Los Quetzales National Park is located in Los Santos, south region of Costa Rica, between Providencia and San Gerardo de Dota, and is part of the Talamanca Mountain Range and the basin of the Savegre River, 80 km from San Jose, the capital.
Conservation Area:
Central Pacific Conservation Area (ACOPAC)
4.117 hectares
Schedule: from 7:30am to 4:00pm
When to go?

Dry season: December through April
Rainy season: May through November, but it rains the less in July and August.
Birdwatching: from 5:30am to 9:00am and from 2:30pm to 4:00pm (feeding schedule).

Conatct information
(00506) 2200-5354
Regional Office:
(00506) 24167068
(00506) 22560917
Send mail
Web Page:
Visit Wen Page
Camping permissions:
General information
Los Quetzales is the most recently created national park in Costa Rica. Its main goal is to promote sustainable tourism activities and neutralize carbon emissions in the environment. This park is home to the quetzal, bird known for its magnificent and extraordinary beauty.

Los Quetzales National Park has three life zones or different types of forests, 14 ecosystems and a great richness in flora and fauna. It also has seven different altitudes, which allow a large biological variety and the formation of seasonal lagoons of glacial origins (wetlands).

This park keeps the natural conditions of forests of high altitudes, like the oak forests, the cloud forests and moorlands. It also helps to maintain the hydrologic functions of these forests, the protection of habitats of endemic species and the reproduction of the quetzal. Aside from this, the park protects as well the basin of the Savegre River and serves as shelter and nesting site for the beautiful quetzal.

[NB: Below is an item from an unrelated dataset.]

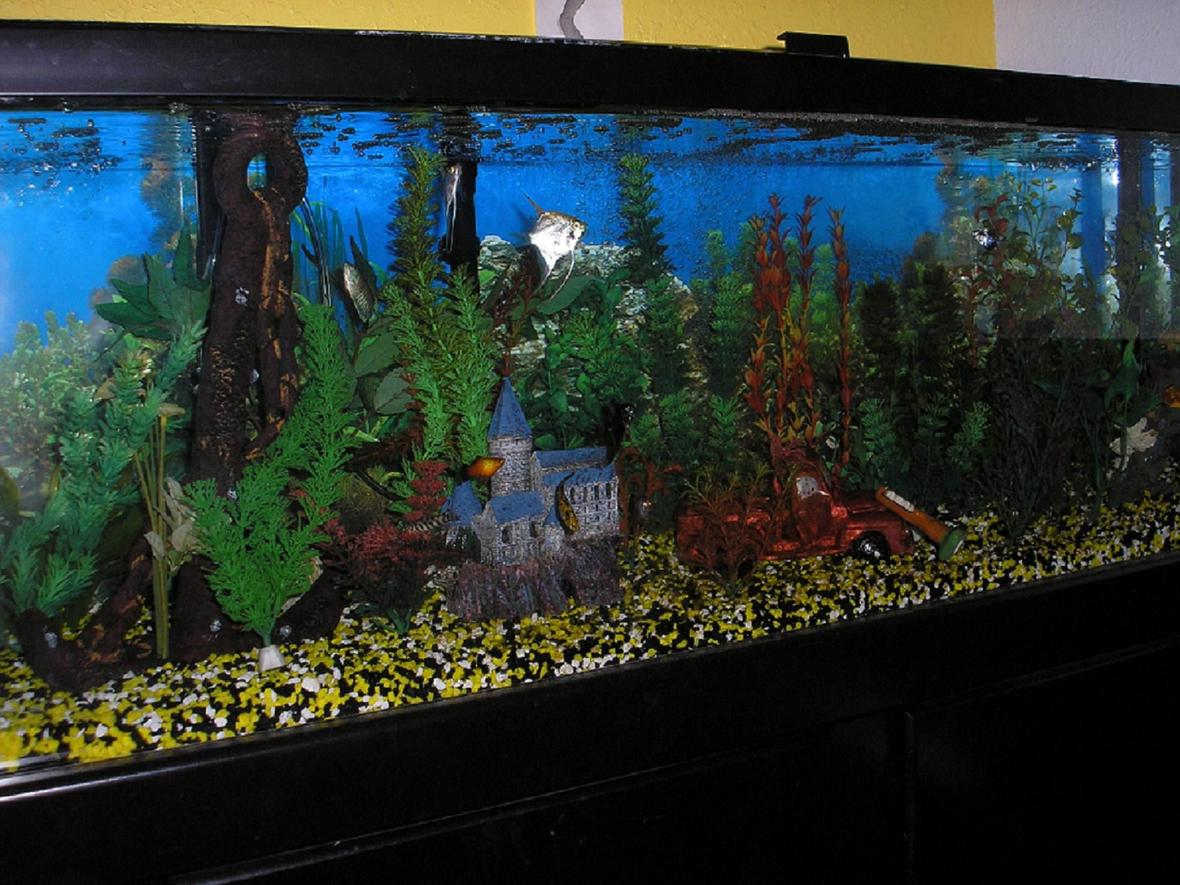 60 gallons freshwater fish tank (mostly fish and non-living decorations) - 60 gall community 2 angels, gibby pleco, clown loach, yoyo loach, blue oupaline gourami, neon dwarf gourami, platy, molly, guppy,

During the decades of the 70’s and the 80’s, a massive deforestation took place in this area due to the construction of some parts of the city of San Jose. The MINAET (Environment, Energy and Telecommunications Ministry) considered the importance of recovering this region for the natural conservation of plants and animals (it has a wide variety of species) and this way keep a biological corridor in the area. It was created along the Agencia de Cooperacion Española (Spanish Agency of Cooperation), as a project for the sustainable development of the Savegre River’s basin, and it is bonded to the Garajonay National Park in Spain.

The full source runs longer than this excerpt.